Solutions Q1 - 27#

# import all python add-ons etc that will be needed later on
%matplotlib inline
import numpy as np
import matplotlib.pyplot as plt
from sympy import *
init_printing()                      # allows printing of SymPy results in typeset maths format
plt.rcParams.update({'font.size': 16})  # set font size for plots

Q1 answer#

An example of two complex numbers are shown in Figure 1.

(a) their sum is \(z=1-0.5i \) and
(b) their difference is \(z=3+2.5i\).

Notice how similar the addition or subtraction of complex numbers is to adding together two vectors because the real and imaginary parts are added separately.

(c) \(-iz_1z_2 =i(2+i)(1+3i/2)=2i+3i^2 +i^2 +3i^3/2=-4+i/2\).

Q2 answer#

(a) Multiplying \(i^2\) by \(i\) produces \(i^3 = -i\) and \(i^4 = 1\) because \((-1)^2 =1\). Similarly \(i^5 = i\) and \(i^6 = i^2 =-1\).

(b) From these results, starting at \(n=0\) the integer powers of \(i\) are repeated in a series of four terms:

\[\begin{split}\displaystyle \begin{array}{l|ccc} \hline n = & 0 & 1 & 2 & 3 & 4 & 5& 6 & 7\\ i^n & 1 & i & -1 & -i & 1 & i & -1& -i\\ \hline \end{array}\end{split}\]

The \(n^\mathrm{th}\)th power of \(i\) can be represented as \(i^{(n\, mod\, 4)}\) where \(n\,mod\, 4\) returns the remainder of the integer division of \(n\) by 4 and therefore when \(n = 4\), it returns \(0\) so repeats on a cycle of \(4\).
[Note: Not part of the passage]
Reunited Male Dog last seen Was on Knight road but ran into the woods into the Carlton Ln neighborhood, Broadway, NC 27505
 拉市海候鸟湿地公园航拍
The numbers on the clock face are \(n\,mod\, 12\) so a time of \(13:00\) is the same as \(1:00\).

Q3 answer#

Using results from the previous calculation, \(i^3z=i^3(a-ib)=ai^3 -b=-b-ia\).

Q4 answer#

By multiplication \(z^2 =(3+4i)(3+4i)=9+24i+16i^2\) and this can be simplified further using \(i^2 = -1\) to give \(z^2 = -7 + 24i\).

The modulus is

\[\displaystyle \sqrt{z^*z} = \sqrt{(-7 - 24i)(-7 + 24i)} = \sqrt{7^2 + 24^2} = 25\]

and argument is \(\theta = \tan^{-1}(-24/7) = -1.287\) radians or \(-73.7^\mathrm{o}\) or \(106.3^\text{o}\) (blue arc) which is twice the angle of \(z\).


Figure 8. Squaring a complex number.

Q5 answer#

Multiplying produces \(z = 6 - 10i - 5i^2 = 11 - 10i\).

The modulus is \(\sqrt{z^*z}= \sqrt{(11+10i)(11-10i)} = \sqrt{221}\)

and the argument \(\theta = \tan^{-1}(b/a) = \tan^{-1}(-10/11) \equiv 42.27^\mathrm{o}\).

Q6 answer#

Dividing complex numbers is achieved using the complex conjugate to make the denominator a real number. By multiplying the top and bottom by the same number, effectively multiplying by \(1\), the complex conjugate of the denominator becomes

\[\displaystyle z=\frac{5-i}{2-3i}=\frac{5-i}{2-3i}\cdot \frac{2+3i}{2+3i} = \frac{10+13i+3}{4+9}=1+i\]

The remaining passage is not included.